▶ Record excerpts
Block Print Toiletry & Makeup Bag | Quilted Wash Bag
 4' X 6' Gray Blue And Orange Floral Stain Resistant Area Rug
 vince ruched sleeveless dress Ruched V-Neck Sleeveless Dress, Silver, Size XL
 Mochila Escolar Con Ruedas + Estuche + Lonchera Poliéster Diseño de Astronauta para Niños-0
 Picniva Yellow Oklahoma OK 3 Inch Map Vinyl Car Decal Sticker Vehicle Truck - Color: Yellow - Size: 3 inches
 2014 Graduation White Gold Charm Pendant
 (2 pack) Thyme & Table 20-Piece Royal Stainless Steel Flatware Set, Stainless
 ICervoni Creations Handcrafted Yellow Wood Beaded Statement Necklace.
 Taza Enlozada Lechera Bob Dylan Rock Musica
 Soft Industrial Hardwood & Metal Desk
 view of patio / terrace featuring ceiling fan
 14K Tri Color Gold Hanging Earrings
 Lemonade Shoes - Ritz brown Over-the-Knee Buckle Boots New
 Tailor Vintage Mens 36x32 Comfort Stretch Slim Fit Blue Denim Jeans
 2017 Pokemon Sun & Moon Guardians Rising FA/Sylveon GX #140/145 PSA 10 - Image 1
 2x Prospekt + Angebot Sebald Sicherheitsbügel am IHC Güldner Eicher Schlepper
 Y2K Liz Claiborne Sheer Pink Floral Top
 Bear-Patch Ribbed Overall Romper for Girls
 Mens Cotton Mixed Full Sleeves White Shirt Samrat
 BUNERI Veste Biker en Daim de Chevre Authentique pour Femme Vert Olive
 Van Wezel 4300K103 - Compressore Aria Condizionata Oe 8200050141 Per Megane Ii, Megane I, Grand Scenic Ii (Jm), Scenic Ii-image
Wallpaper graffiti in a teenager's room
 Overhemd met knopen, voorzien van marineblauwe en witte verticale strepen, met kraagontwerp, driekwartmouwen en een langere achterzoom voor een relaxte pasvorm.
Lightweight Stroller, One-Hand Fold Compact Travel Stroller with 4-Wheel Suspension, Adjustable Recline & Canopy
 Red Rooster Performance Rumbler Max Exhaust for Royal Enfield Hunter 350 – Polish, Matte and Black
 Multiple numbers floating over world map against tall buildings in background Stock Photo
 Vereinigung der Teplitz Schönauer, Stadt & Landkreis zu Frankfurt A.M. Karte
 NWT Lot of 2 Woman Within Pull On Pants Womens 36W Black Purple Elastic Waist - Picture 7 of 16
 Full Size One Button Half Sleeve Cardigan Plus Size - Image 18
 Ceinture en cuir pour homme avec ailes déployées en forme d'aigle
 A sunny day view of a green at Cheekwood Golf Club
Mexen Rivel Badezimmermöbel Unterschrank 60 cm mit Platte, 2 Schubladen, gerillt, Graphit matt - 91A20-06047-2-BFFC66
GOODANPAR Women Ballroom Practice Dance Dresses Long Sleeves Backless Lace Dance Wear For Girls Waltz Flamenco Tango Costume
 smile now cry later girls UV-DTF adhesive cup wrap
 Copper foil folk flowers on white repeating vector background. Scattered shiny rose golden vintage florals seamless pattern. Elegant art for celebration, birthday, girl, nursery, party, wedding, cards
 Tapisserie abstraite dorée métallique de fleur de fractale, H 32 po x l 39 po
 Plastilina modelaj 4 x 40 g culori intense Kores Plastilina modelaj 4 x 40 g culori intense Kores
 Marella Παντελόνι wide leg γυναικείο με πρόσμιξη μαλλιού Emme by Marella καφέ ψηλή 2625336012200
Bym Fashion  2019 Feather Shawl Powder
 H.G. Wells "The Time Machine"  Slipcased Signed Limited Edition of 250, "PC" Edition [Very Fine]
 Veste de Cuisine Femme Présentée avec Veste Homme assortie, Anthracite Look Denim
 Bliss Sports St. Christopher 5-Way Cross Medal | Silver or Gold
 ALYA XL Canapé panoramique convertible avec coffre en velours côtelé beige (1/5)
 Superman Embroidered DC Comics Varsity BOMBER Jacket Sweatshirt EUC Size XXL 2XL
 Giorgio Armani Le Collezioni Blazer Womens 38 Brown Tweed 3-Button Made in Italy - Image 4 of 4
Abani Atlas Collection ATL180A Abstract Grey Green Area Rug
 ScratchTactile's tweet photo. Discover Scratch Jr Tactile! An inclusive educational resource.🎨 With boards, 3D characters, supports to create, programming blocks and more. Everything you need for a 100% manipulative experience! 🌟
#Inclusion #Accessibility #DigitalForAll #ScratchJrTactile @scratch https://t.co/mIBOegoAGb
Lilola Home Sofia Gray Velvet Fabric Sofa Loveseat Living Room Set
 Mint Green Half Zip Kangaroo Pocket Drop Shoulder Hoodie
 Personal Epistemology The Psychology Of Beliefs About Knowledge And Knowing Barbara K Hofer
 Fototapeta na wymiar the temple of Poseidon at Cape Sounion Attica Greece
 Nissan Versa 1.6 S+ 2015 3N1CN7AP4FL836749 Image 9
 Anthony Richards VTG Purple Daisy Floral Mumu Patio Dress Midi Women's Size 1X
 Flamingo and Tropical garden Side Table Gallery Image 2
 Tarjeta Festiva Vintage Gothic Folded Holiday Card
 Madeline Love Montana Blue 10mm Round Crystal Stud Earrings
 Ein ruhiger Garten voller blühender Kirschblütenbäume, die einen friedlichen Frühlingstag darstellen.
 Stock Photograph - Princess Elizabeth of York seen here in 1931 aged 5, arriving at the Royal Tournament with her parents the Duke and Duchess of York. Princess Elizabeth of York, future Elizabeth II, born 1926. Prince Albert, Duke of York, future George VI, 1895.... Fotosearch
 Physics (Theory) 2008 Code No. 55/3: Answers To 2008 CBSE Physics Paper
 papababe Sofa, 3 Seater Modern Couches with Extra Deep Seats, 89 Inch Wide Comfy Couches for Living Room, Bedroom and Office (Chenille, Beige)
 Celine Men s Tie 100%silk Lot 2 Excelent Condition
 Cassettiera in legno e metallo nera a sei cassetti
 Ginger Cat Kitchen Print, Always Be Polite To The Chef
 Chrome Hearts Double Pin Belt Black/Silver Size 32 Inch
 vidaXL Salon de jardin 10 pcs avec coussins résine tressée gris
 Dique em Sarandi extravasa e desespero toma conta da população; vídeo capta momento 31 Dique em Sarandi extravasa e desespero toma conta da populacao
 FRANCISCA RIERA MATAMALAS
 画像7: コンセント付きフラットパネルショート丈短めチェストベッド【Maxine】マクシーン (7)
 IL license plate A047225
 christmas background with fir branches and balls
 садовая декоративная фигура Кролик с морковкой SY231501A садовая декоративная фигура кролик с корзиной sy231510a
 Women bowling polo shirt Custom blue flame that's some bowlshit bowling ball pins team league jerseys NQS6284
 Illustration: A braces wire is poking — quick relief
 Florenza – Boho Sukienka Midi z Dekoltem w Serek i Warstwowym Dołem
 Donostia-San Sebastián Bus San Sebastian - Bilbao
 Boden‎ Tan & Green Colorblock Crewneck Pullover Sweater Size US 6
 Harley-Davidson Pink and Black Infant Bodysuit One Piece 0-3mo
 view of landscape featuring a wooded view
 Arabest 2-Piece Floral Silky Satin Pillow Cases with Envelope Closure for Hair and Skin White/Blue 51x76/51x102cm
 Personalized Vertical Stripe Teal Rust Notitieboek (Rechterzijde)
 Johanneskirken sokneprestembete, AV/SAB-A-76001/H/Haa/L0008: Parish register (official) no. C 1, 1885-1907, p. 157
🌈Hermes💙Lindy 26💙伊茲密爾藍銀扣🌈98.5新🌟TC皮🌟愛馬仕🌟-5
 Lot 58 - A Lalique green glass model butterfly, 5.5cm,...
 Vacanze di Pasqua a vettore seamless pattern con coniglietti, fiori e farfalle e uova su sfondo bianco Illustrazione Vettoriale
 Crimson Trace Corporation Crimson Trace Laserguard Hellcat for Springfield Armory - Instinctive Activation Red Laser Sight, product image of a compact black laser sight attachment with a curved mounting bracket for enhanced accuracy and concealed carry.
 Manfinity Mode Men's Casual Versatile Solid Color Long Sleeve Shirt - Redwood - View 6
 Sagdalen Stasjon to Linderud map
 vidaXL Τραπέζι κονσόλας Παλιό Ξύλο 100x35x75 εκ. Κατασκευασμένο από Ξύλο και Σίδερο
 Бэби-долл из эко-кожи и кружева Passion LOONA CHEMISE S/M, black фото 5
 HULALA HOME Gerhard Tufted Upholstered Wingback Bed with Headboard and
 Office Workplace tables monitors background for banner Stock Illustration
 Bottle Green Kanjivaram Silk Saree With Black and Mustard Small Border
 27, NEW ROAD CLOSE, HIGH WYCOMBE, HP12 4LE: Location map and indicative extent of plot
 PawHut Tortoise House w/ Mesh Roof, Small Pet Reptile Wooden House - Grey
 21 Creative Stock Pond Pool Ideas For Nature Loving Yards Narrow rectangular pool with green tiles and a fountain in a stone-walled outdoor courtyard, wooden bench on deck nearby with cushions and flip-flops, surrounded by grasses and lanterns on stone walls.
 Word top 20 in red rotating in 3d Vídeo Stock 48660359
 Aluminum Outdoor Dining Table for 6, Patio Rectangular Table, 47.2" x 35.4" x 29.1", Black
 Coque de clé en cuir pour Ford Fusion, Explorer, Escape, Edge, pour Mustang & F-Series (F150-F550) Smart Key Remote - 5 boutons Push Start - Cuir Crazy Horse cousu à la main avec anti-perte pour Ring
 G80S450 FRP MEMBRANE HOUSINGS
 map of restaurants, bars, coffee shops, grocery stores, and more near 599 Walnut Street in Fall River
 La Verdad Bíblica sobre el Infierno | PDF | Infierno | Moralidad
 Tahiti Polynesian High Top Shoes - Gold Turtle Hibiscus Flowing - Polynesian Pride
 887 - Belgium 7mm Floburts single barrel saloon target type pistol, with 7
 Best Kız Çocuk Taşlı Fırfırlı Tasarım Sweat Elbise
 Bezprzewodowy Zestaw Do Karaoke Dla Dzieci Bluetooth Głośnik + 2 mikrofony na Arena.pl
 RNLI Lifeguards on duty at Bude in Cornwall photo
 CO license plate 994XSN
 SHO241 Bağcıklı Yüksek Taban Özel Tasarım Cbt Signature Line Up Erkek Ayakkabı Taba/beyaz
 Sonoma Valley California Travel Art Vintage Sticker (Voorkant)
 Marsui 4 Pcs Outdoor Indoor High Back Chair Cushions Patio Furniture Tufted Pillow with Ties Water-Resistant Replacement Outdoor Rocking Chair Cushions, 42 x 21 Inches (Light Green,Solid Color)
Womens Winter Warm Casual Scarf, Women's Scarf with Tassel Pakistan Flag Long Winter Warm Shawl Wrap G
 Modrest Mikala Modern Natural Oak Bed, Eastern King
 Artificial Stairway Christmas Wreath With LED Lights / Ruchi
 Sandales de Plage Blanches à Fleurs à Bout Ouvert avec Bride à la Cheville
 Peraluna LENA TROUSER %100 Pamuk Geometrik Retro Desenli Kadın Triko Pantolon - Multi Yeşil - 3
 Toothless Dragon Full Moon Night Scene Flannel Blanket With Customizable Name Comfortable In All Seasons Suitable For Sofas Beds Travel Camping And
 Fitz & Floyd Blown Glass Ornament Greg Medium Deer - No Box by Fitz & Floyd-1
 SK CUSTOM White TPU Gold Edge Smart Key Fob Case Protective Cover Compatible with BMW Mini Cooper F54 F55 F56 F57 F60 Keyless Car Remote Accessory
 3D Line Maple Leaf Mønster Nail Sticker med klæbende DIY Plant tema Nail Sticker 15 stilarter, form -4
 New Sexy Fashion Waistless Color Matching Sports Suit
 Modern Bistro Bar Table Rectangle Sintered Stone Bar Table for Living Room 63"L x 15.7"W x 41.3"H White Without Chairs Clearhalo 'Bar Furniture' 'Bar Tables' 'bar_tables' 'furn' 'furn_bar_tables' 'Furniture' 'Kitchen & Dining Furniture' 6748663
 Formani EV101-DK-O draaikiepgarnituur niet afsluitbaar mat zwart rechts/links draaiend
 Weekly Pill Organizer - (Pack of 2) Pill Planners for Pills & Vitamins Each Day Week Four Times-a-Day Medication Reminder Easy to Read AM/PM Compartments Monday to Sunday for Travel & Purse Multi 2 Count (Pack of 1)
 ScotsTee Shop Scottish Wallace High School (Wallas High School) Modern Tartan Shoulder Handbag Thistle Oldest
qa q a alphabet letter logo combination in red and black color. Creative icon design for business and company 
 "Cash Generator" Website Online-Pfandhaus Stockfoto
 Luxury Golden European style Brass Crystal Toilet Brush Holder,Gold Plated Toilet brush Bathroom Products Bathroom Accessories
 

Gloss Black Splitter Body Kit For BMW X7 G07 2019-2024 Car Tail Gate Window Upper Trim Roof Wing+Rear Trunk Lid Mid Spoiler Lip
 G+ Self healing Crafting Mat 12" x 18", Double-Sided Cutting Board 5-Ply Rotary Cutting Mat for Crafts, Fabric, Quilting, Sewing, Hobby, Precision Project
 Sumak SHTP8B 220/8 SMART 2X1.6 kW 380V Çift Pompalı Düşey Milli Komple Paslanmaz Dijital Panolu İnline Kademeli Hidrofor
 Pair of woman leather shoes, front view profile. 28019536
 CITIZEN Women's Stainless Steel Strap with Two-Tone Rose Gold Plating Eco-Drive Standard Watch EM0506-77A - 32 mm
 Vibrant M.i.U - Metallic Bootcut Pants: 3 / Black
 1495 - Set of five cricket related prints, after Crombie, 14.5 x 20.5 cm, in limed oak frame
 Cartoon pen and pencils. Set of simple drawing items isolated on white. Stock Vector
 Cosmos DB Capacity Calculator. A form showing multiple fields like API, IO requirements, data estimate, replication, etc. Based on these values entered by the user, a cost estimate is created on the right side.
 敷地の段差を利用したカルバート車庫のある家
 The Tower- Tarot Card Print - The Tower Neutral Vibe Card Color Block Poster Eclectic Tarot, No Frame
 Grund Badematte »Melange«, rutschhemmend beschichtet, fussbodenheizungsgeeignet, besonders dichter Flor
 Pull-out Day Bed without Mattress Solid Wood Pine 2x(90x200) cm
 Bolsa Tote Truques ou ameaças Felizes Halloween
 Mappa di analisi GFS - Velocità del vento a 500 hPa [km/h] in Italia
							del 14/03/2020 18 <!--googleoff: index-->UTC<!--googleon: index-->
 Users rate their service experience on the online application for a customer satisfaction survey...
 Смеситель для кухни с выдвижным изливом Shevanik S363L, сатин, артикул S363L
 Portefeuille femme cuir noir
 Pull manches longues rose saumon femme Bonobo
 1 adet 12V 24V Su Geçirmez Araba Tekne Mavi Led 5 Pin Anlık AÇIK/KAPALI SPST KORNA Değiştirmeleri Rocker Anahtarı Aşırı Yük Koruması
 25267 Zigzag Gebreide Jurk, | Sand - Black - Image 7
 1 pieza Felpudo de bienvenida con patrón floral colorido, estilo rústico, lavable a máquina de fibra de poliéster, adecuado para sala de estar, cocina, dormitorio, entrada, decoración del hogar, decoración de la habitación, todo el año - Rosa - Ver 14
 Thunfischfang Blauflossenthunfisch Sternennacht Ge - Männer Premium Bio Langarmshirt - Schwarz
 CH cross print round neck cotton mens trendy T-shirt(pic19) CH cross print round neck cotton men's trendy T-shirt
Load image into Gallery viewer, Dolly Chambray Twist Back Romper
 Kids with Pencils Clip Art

▶ What is being asked
Would you copy out every line in the records that includes the string "Living"?

▶ Exercise output
Lilola Home Sofia Gray Velvet Fabric Sofa Loveseat Living Room Set
 papababe Sofa, 3 Seater Modern Couches with Extra Deep Seats, 89 Inch Wide Comfy Couches for Living Room, Bedroom and Office (Chenille, Beige)
 Modern Bistro Bar Table Rectangle Sintered Stone Bar Table for Living Room 63"L x 15.7"W x 41.3"H White Without Chairs Clearhalo 'Bar Furniture' 'Bar Tables' 'bar_tables' 'furn' 'furn_bar_tables' 'Furniture' 'Kitchen & Dining Furniture' 6748663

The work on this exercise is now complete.